What have poor people done to FCC Chairman Ajit Pai? Perhaps he misread his job description, as the latest move from the FCC would seem to geared towards widening the digital divide.
This week the FCC voted to scale back the federal Lifeline programme, an initiative which assists poorer families in accessing the digital world. It started with, telephone service but was rolled out to broadband last year. While a $9.25 subsidy might not sound like a lot, for those who live on the breadline, it probably means the difference between internet and no internet. That said, Pai has seemingly decided the world of social media, online banking and cat videos is not for poor people.
The changes include a spending cap, which could mean those who qualify for the subsidy would not receive it, and also a ban on resellers offering the subsidy as part of a deal. Essentially, only those who own their own infrastructure would be allowed to offer the subsidy, which could result in countless families have to cancel their current subscription.

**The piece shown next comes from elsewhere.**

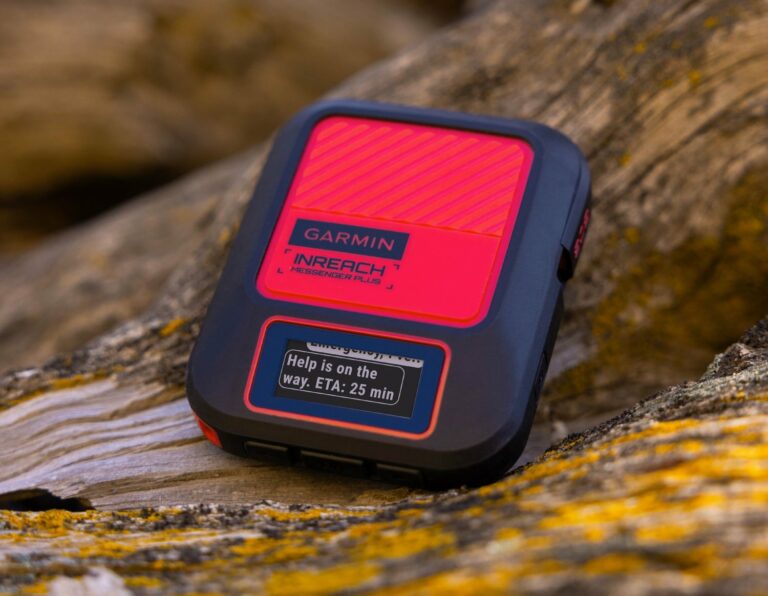Jaunākās SOS izsaukumu tendences: ikgadējais pārskats par cilvēku glābšanas operācijām ar Garmin inReach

The ban for resellers is currently out for public comment, but it would effectively reduce competition and push consumers towards the established players; AT&T, Verizon, T-Mobile USA, and Sprint. According to Public Knowledge, an advocacy group trying to bridge the digital divide, 70% of those on the Lifeline programme get their internet through such resellers. Perhaps some will not be able to find a carrier in their area which offers the subsidy. Apparently they will just have to go without the internet.
Pai seems to be sending a very clear message; the internet and the digital world is not for poor people. Bad poor people, stay away from my internet. Be richer and then I’ll let you into my club.
Republican Commissioners have pointed towards a Government Accountability Office report which highlighted that fraud was commonplace within the Lifeline programme, but surely this report was supposed to suggest the FCC should sort out its processes. Some enrolments were filed in the names of dead people, which does suggest there are nefarious characters out there, but also internal processes are pretty poor. We can’t imagine the intended result was to scrap the scheme and exclude poor people from the internet.
Of course, the voting went exactly as you would expect. The Republican Commissioners voting with Pai and his mission to keep the poor in their place, while the Democrats voted against. Commissioner Mignon Clyburn was clearly not happy, unleashing a stream of tweets, blasting Pai and his quest to cleanse the internet of the unworthy.
Naturally, Clyburn and her cronies are going to try and make the situation as awkward as possible for Pai and his journey to rid the digital society of lesser humans, but we have some sympathy here. The Democrats have spent the last couple of years building the FCC in their own image, and Pai is chopping it down piece-by-piece. All Clyburn can do is watch and tweet.